Cursed Bones - By David A Wells Page 0,19

smelled of sweat and brandy. His face was just inches from hers as he stared her in the eye, darkness and hate dancing in his gaze.

He seemed to master himself and then spun her around, shoving her awkwardly, face first into the corner so he could hastily bind her hands, tightly looping a piece of cord around her wrists, adding to the pain in her arm.

With a heave, he dragged her from the bunk and tossed her roughly onto the floor. She fell hard, knocking the wind from her and adding a bruised hip to her injuries.

“Let’s see, these must be your things, yes?”

Lacy didn’t answer.

He took up her pack and dumped it out on the table, carelessly tossing her possessions onto the floor until he found the little black box wrapped in a square of cloth. He set it on the table and carefully unwrapped it, taking pains to avoid actually touching the box itself.

“Pity I don’t still have the wizard,” he muttered. “His talents might have been useful right about now.”

After a few moments of looking at the seamless box from every angle, Rankosi hauled Lacy to her feet and roughly sat her down on the bench facing the table.

“Open it.”

“I don’t know how.”

“Try.”

“My hands are bound.”

He unwound the cord from her wrists, setting her hands to tingling.

“Open it!”

She clenched her jaw and shook her head.

He put her hand on the table and raised his club over it. She whimpered, clenching her eyes shut but still shaking her head.

Bones shattered as he brought the club down on the back of her hand. She cried out, pain like nothing she’d ever felt coursing up her arm, filling her shoulder and chest, ripping through her flesh and threatening her very sanity. In the back of her mind, in a place she didn’t even know existed, she thought about all of the people on Fellenden who’d suffered similar torture, or worse. Before this moment, she didn’t know that anything could hurt so much. She gasped for breath, pain threatening to overpower her consciousness, but her resolve held firm.

“Open it!” Rankosi demanded in a harsh whisper.

“No!” she shouted through tears and torment.

He grabbed her broken hand and squeezed.

She gasped again, agony flooding into her as broken bones scraped together. Darkness closed in around her and she drifted off into peaceful oblivion.

***

Pain returned before consciousness did. She was floating in that halfway place between sleep and wakefulness, pain surrounding her and engulfing her until she came fully awake with a start, gasping and whimpering at the sudden onslaught of torment from her broken hand.

“Ah, you’re awake,” Rankosi said, “seems I might have hit your friend here a bit too hard. He’s still out cold. So where were we? Ah yes. Open the box!”

“I can’t,” Lacy whimpered. “I don’t know how.”

“Try.”

“No.”

“You’re stronger than I would have thought,” Rankosi said. “Perhaps I’m going about this all wrong.”

He drew a knife and carefully, slowly placed it at Drogan’s throat. “He’s nothing to me but a body. Open it or I’ll kill him.”

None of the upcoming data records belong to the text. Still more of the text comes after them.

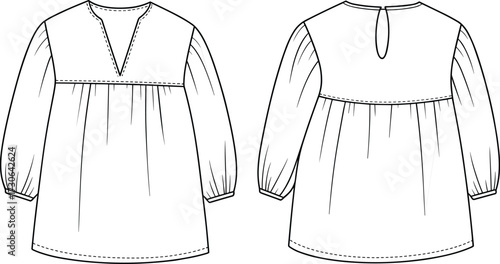 Vector fashion technical flat illustration of long sleeve tunic dress with gathered yoke, V neckline, keyhole back, elastic cuff sleeves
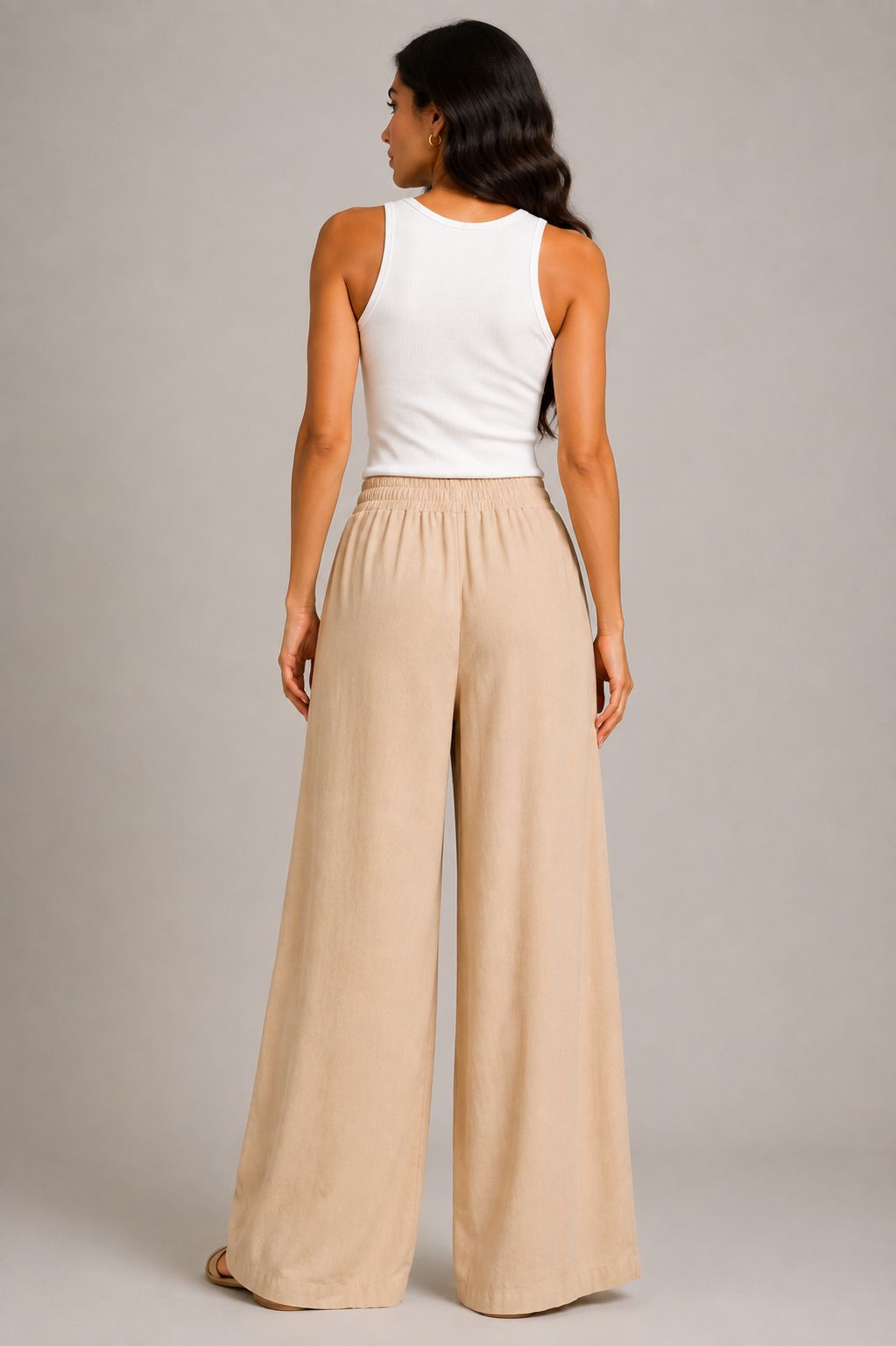 Wide-Leg Pants with Drawstring Waist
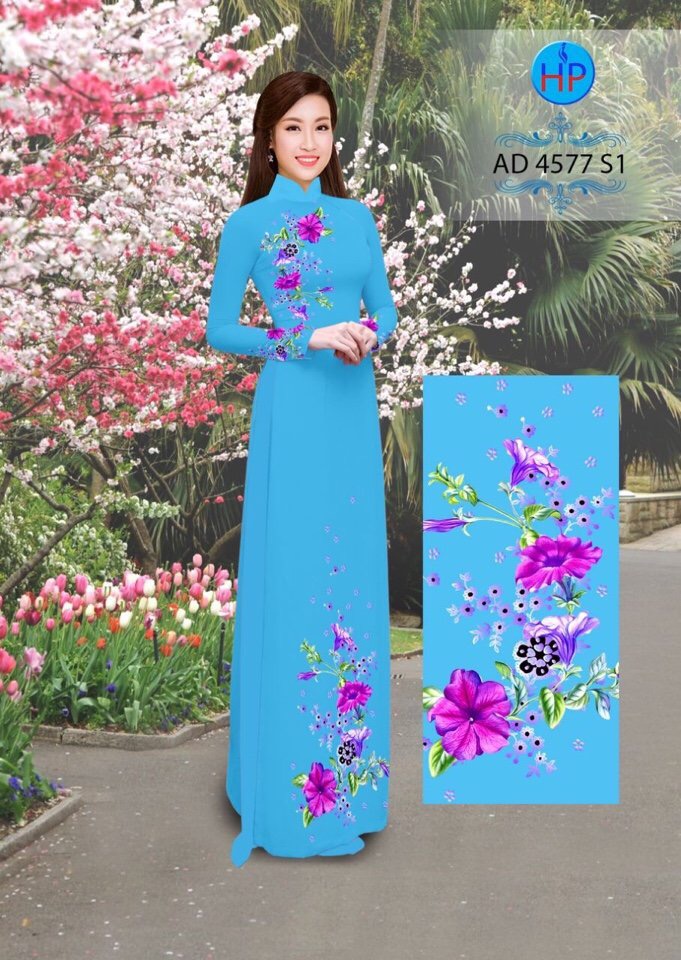 Vải áo dài hoa trên dưới AD 4577 - Ảnh 10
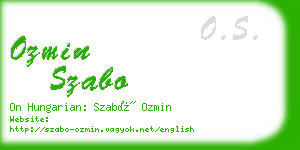 ozmin szabo business card
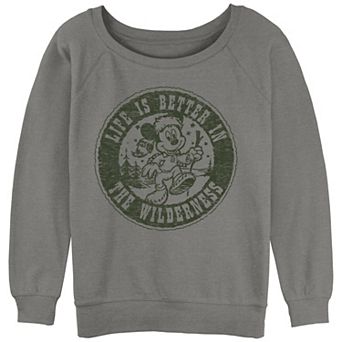 Disney's Mickey Mouse & Friends Juniors' Life Is Better In The Wilderness Slouchy Graphic Sweatshirt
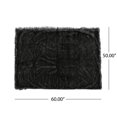 thumbnail image 4 of Laraine Black and White Streak Faux Fur Throw Blanket, 4 of 6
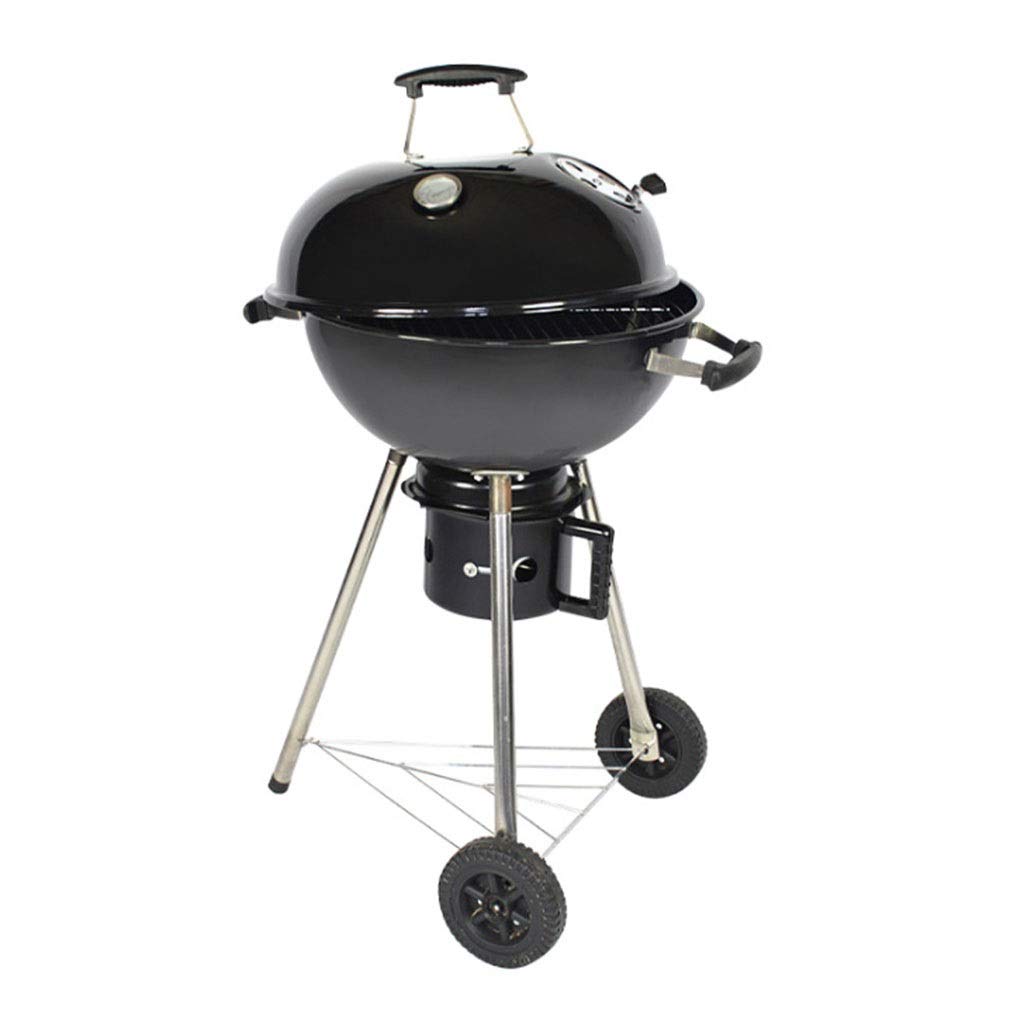 Charcoal Barbecue grill, BBQ with wheels and thermometer, somker stove, adjustable ventilation, suitable for 3 to 8 people, suitable for camping and garden parties, 47 x 47 x94cm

Lacy swallowed and shook her head.

Rankosi smiled wickedly and his arm started to tense.

“Stop!” Lacy said.

“Yes?”

“He didn’t do anything to you.”

“What does that have to do with anything?”

“He doesn’t deserve to die.”

“What does that have to do with anything?”

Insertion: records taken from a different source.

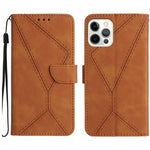 Handyhülle aus geprägtem Leder mit Ziernähten, für iPhone 17e / 16e, für iPhone 17 Pro Max, für iPhone 17 Pro, für iPhone 17, für iPhone Air, für iPhone 16 Pro Max, für iPhone 16 Pro, für iPhone 16 Plus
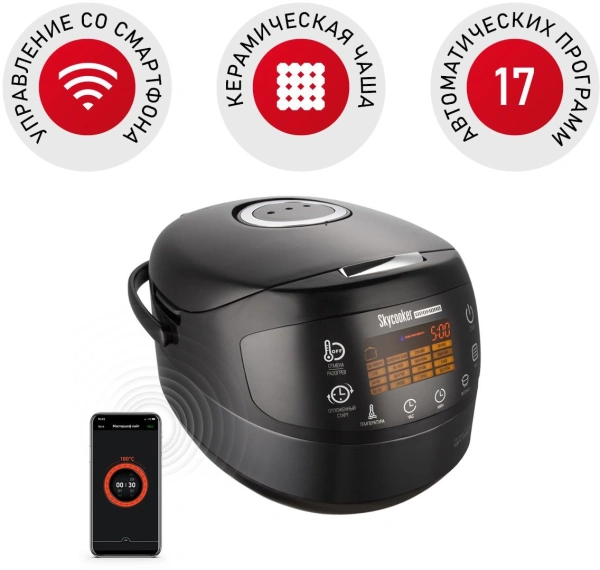 Мультиварка Redmond SkyCooker RMC-M903S 5л 1000Вт черный/серебристый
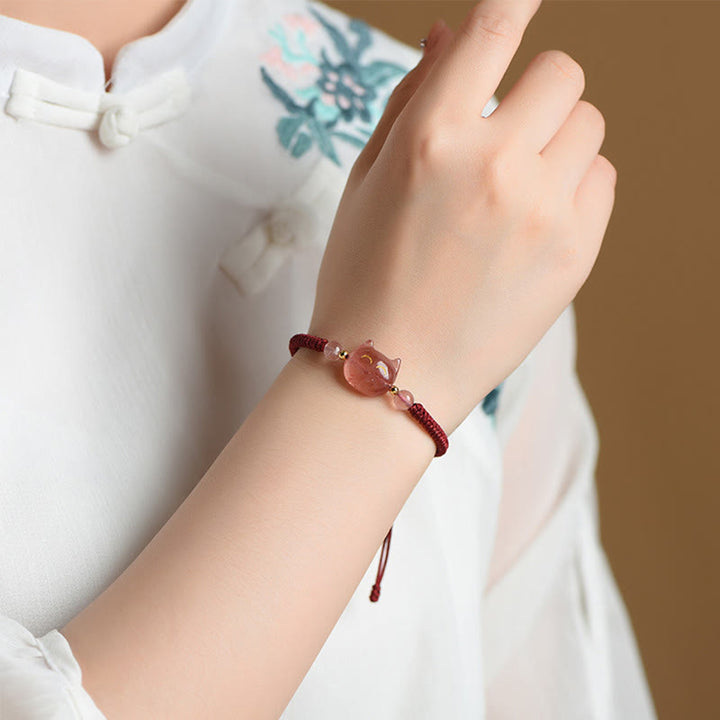 Buddha Stones hechas a mano, plata Natural brillante, obsidiana, cuarzo fresa, pulsera trenzada de protección de gato lindo - image 12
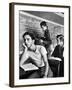 Beard Started on Teenage High School Student as Others Work on Lessons at blackboard and desk-Alfred Eisenstaedt-Framed Photographic Print
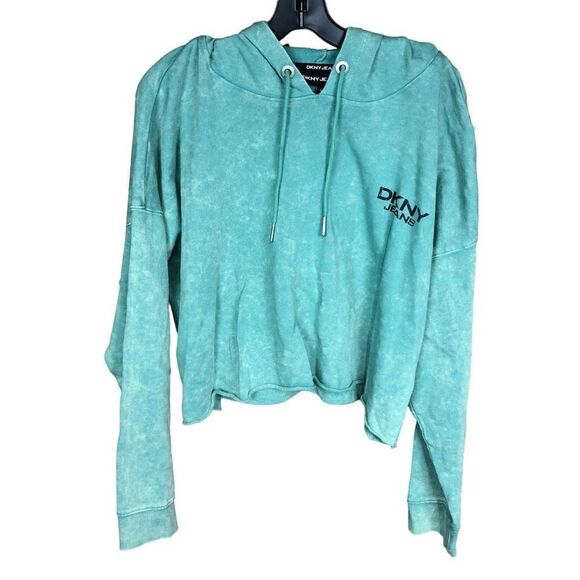 DKNY Hoodie Drawstring Cropped Green Yellow Tie Dye Left Chest Logo Pullover XL - Picture 14 of 15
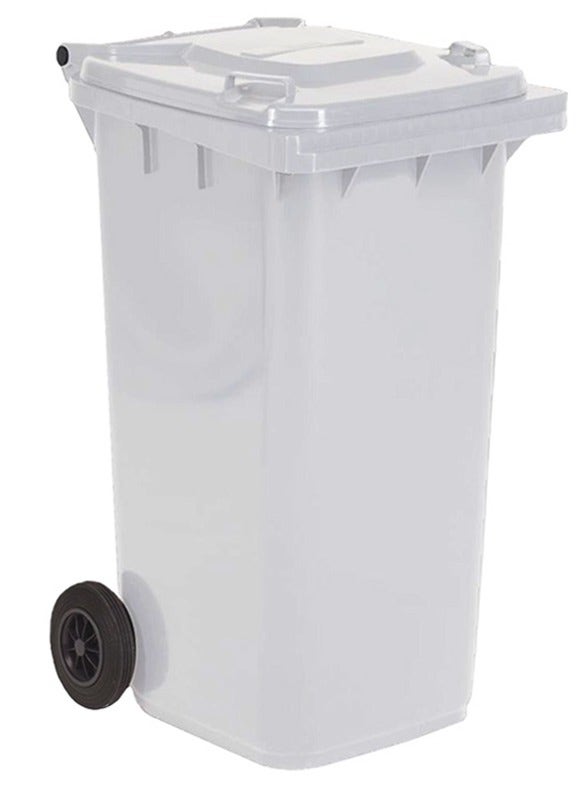 Afvalcontainer 240 liter wit met wit deksel - Weber kliko 240L wit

“This is between you and me, leave him out of this. He can’t hurt you, he’s totally defenseless.”

“Yes, he is. Now open the box or he dies.”

Lacy struggled to regain her feet, wincing when she started to use her broken hand for leverage. She staggered to the bench and faced the little black box. Her father had entrusted her with this task, she couldn’t let him down, yet a man’s life hung in the balance. What would her father do? What would he expect of her?

He’d always taught her to value life above all else. She closed her eyes tightly, tears slipping down both cheeks as her resolve faltered.

Tentatively, cautiously, she reached for the box with her left hand. It felt cool to the touch. She tried to lift the top of the box as if it had a lid with hinges, but nothing happened. She picked it up and carefully looked it over for any sign or seam, but found nothing. She slammed it against the table—still nothing.

“I don’t know how to open it,” she said, hanging her head.

Rankosi stared at the box for several seconds.

“Place your hand on it and think of it opening,” he said. “See it open in your mind.”